Richard Haass: The most serious threat to global security is the United States

10:57 10.07.2023 •

Mr. Haass is a veteran of four US administrations, one Democrat and three Republican.
Photo: The New York Times

The New York Times published a very revealing material about the views of a well-known US political analyst, who has now come to a very sad conclusion for Americans:

Everywhere he has gone as president of the Council on Foreign Relations, Richard N. Haass has been asked the same question: What keeps him up at night? He has had no shortage of options over the years — Russia, China, Iran, North Korea, climate change, international terrorism, food insecurity, the global pandemic.

But as he steps down after two decades running America’s most storied private organization focused on international affairs, Mr. Haass has come to a disturbing conclusion.

The most serious danger to the security of the world right now? The threat that costs him sleep? The United States itself. – “It’s us,” he said ruefully the other day.

That was never a thought this global strategist would have entertained until recently. But in his mind, the unraveling of the American political system means that for the first time in his life the internal threat has surpassed the external threat. Instead of being the most reliable anchor in a volatile world, Mr. Haass said, the United States has become the most profound source of instability and an uncertain exemplar of democracy.

“Our domestic political situation is not only one that others don’t want to emulate,” he said in an interview ahead of his last day at the Council on Foreign Relations on Friday. “But I also think that it’s introduced a degree of unpredictability and a lack of reliability that’s really poisonous. For America’s ability to function successfully in the world, I mean, it makes it very hard for our friends to depend on us.”

The challenges at home have prompted a man who has spent his entire career as a policymaker and student of world affairs to turn his attention inward.

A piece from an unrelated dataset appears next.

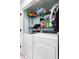 Convenient laundry area with a front-load washer, dryer, and ample storage space on shelves at 10071 Kings Rd., Myrtle Beach, SC 29572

Mr. Haass recently published a book called “The Bill of Obligations: The Ten Habits of Good Citizens,” outlining ways Americans can help heal their own society.

“My own trajectory has changed,” he observed during a pair of interviews summing up two decades at the council. “This new book is not something I would have predicted writing five or 10 years ago, but I actually think it’s almost a recasting of American democracy. Now it’s become a national security concern. And that’s different.”

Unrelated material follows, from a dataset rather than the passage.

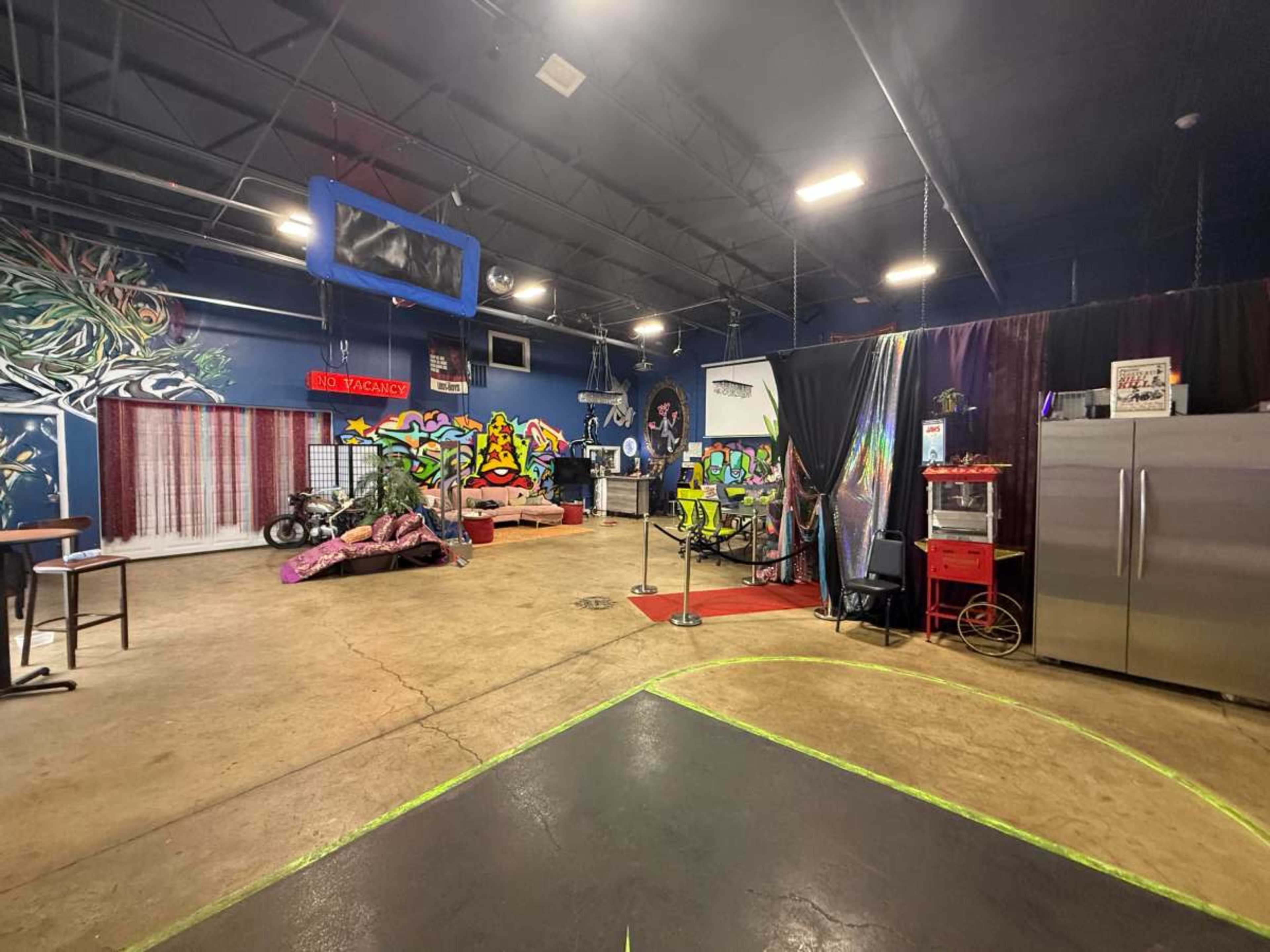 The image shows an indoor space featuring colorful graffiti on the walls, various pieces of furniture, and motorcycles on display.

By dint of position as well as temperament, Mr. Haass, 71, is a member in good standing of the establishment that has fallen into disfavor in the era of Donald J. Trump, a voice of the largely bipartisan “realist” consensus that for better or worse defined America’s place in the world for most of the three-quarters of a century since World War II.

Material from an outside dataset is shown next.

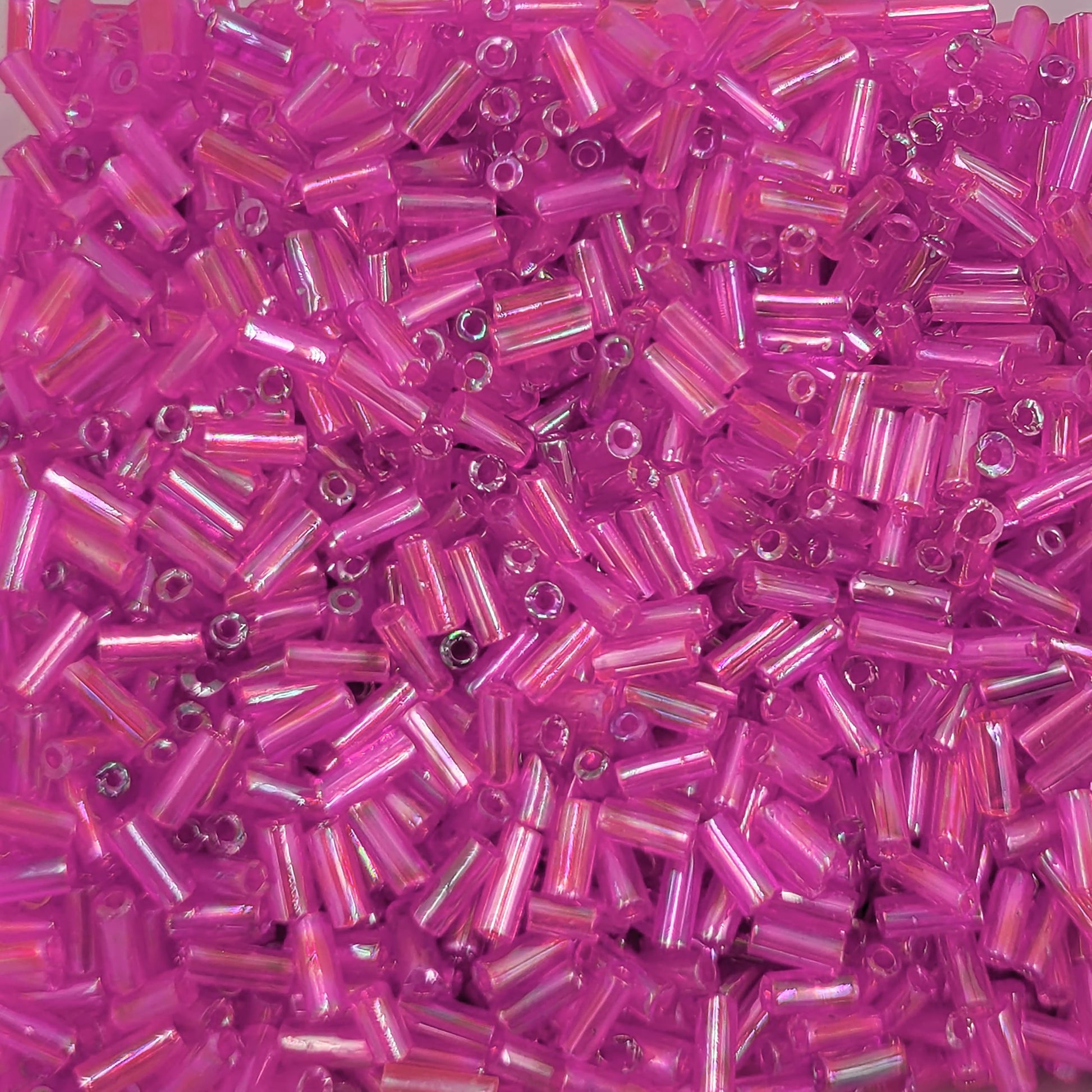 Pink and rainbow 5mm bugle small cut cylinder rainbow tubes 5mm shiny brings a polished accent to DIY craft projects, creative hobby work and decorative handmade designs.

A veteran of four administrations, one Democrat and three Republican, Mr. Haass has nonetheless transcended the insular world of think tank policy wonks through regular appearances on MSNBC’s “Morning Joe,” where in measured but unmistakable terms he has lamented the political polarization and excesses of recent years and tried to make sense of it all.

Over the past century, America has experienced other periods of division and discord — Jim Crow, McCarthyism, Vietnam, civil rights, Watergate. The assassinations and riots and war of 1968 often come to mind as a singularly miserable year in the life of the nation. But Mr. Haass sees this moment as even worse. “These were not threats to the system, the fabric,” he said. “That’s why I think this is more significant.”

After exploring other countries for most of the past half-century, Mr. Haass is ready to explore his own. Putting his foreign policy hat aside for now, he said he wants to expand the message from his book and help refocus the country on the core values embodied in the Declaration of Independence as the 250th anniversary of the document approaches three years from now.